Entrevista:O Estado inteligente

sábado, agosto 21, 2010

Democracia e populismo por Ruy Fabiano


O populismo, historicamente, é fator de despolitização de uma sociedade, qualquer sociedade. Investe no culto à personalidade, colocando-a acima dos temas e desafios – e mesmo dos padrões morais mais elementares -, alçando-a à categoria de semideus.

Ainda que possa ocorrer em regimes formalmente democráticos, o populismo tem viés autoritário, uma vez que se expressa por meio de um líder que se sobrepõe às instituições e fala diretamente ao povo. A Venezuela se apresenta como um regime democrático – e assim o diz o texto de sua Constituição – mas, como o demonstram os fatos objetivos, não o é.

Frequentemente, as instituições são atropeladas pela fala do líder, Hugo Chávez, que se posiciona como “pai” da população. Nessa condição, censura a imprensa, prende adversários, silencia a oposição. Getúlio Vargas era “o pai dos pobres”. Idem, Juan Domingo Perón. Idem Mussolini, Hitler e tantos mais.

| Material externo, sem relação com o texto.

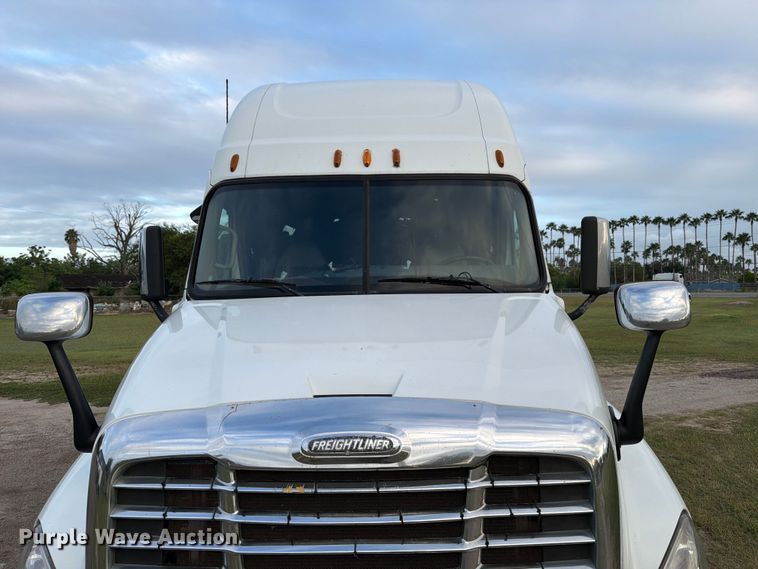 image for item ED5977 2011 Freightliner Cascadia semi truck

Eram pais da população e as críticas a eles dirigidas vistas como afronta à família nacional.

Outro ponto característico: o populismo divide o país. É hostil à sua parcela mais politizada, demonizada no discurso oficial como opressora da porção despolitizada. É fácil entender: quanto mais politizada população, mais infensa ao populismo.

O PT, ao se constituir, nos anos 80 do século passado, era crítico ferrenho do populismo. Lula recusou diversas vezes uma maior aproximação com Brizola por considerá-lo populista, herdeiro do varguismo, incompatível com o sindicalismo moderno que então expressava. Esse, aliás, foi um fator que o projetou como a grande novidade política do país.

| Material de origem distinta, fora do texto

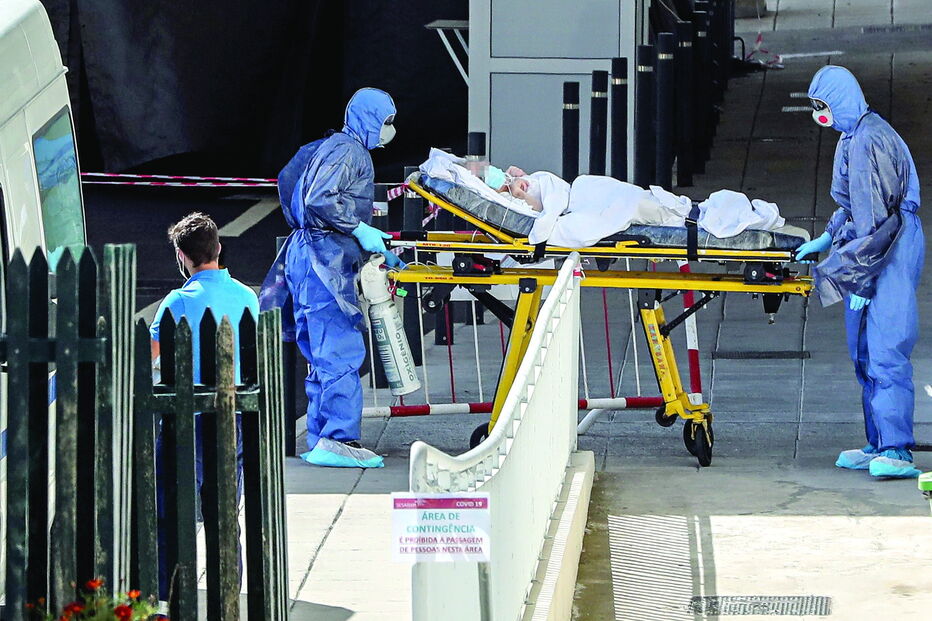 Médicos, enfermeiros, técnicos e auxiliares trabalham 35 horas por semana, mas estão a fazer horas extraordinárias para responder à atual pandemia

No poder, porém, não resistiu à sedução da popularidade. Investiu na estratégia populista e divisionista e chega agora ao paroxismo do processo: apresenta-se como o “pai” do povo, a quem transmitirá como legado “uma mãe”, sua candidata à Presidência, Dilma Roussef. A eficácia eleitoral mede-se nas pesquisas, mas os prejuízos políticos são imensuráveis.

Despolitiza a campanha, reduzindo-a a mera disputa por fragmentos do prestígio do presidente, transformado em orixá pela máquina de propaganda oficial. Os temas essenciais são postos de lado ou vagamente tangenciados. As alianças estaduais são relativizadas e os paradigmas programáticos simplesmente inexistem. O resultado é a desorganização do quadro político-partidário. Desorganização da política, caminho mais fácil para o autoritarismo.

Diante de uma plateia de trabalhadores rurais, a candidata do PT põe o boné do MST e condena a criminalização dos movimentos sociais. Já quando a plateia é de produtores rurais, diz o contrário: condena as invasões de terras e diz que não permitirá que a lei seja descumprida. Jura fidelidade à liberdade de imprensa e rubrica um programa de governo que institui o “controle social da mídia” e institui instâncias de punição.

As incongruências não precisam ser explicadas. Basta dizer que tem o apoio de Lula e que Lula tem o apoio de mais de 70% da população. A política torna-se instância estatística, sem compromissos com outros valores. É um filme antigo, que já se supunha fora de cartaz, mas cujo final não costuma ser feliz.